UBS has already revealed that Illawarra Coal faces about 65 job cuts and the associated closure of its office at University of Wollongong’s Innovation Campus as part of cost cutting plans discussed at an analyst tour last month.
As part of its analysis, UBS also estimated that Illawarra Coal sustainable unit costs were about $US80-85 a tonne.
While there is perhaps some breathing space under the existing quarterly benchmark prices of $109.5/t for Australian hard coking coal – with Illawarra Coal’s saleable output estimated to be 80% metallurgical coal – spot coking coal prices have reached as low as $82/t a tonne according to data released this week.

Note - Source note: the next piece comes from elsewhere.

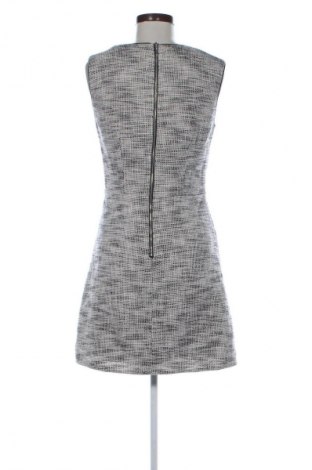 Šaty  H&M, Velikost M, Barva Vícebarevné, Cena  269,00 Kč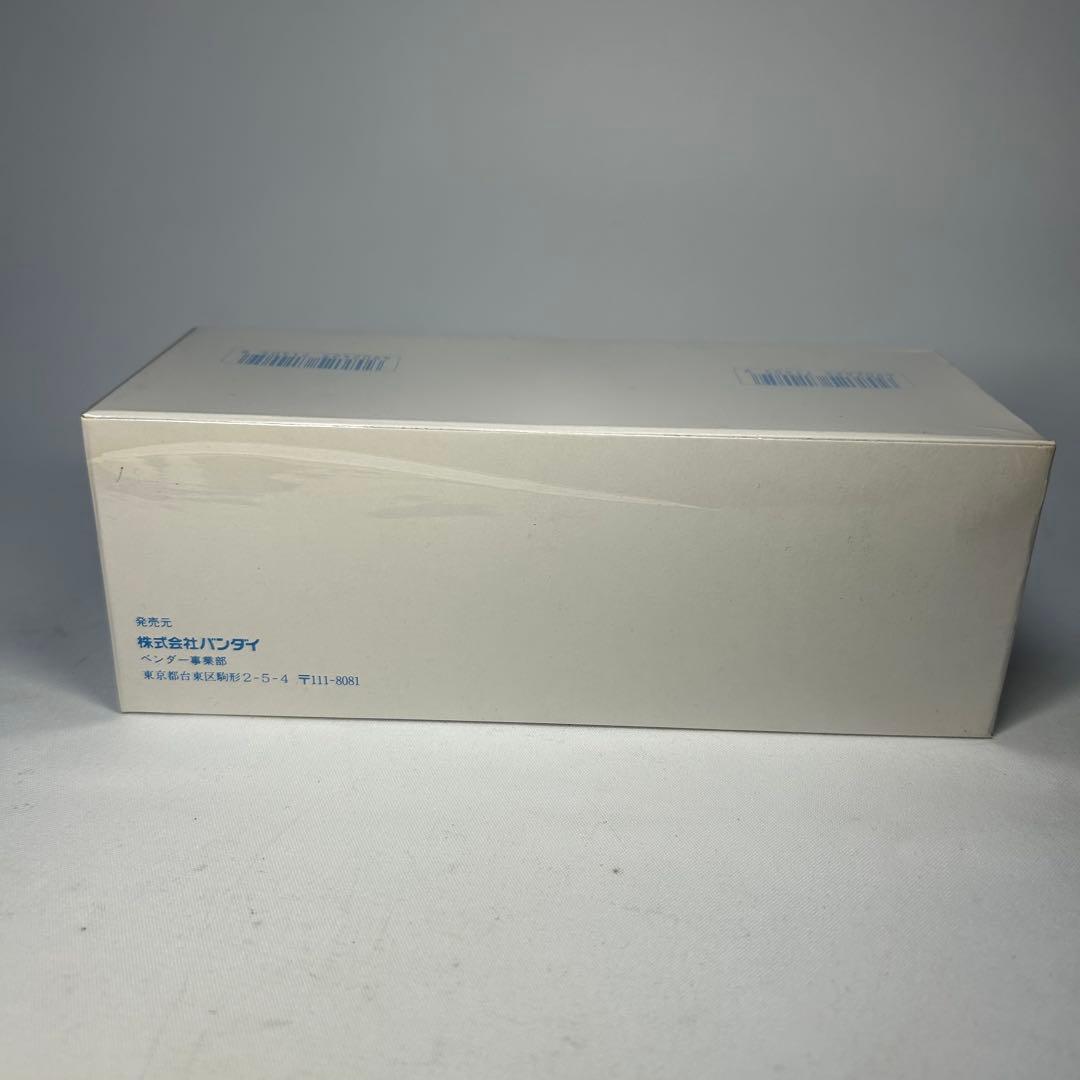 カードダス100　SDガンダム　モビルパワーズ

JP Morgan also took part in the South32 tour of Illawarra Coal last month. While it did not go into the same detail as UBS on the job cuts, it did confirm redundancies were on the cards.
“As with other operations, moving to a regional model under new S32 management is likely to see incremental cost reductions due to lower headcount,” JPM said.
The bank commented on the savings to date before revealing a cost forecast for the second half that matched UBS’ call.
“The operation has managed to reduce costs from a run rate of around $US100/t to $64/t in the last half,” JPM said.
“The key drivers have improved productivity, lower contractor rates, maintenance and spares savings, along with the fall in the Australian dollar.
“The last half also benefitted from a lack of long wall changeovers and as a result is not representative of where costs are likely to average looking forward. We walked away with the impression that going forward costs will be in the order of $80-85/t vs the $64/t reported in the prior half.”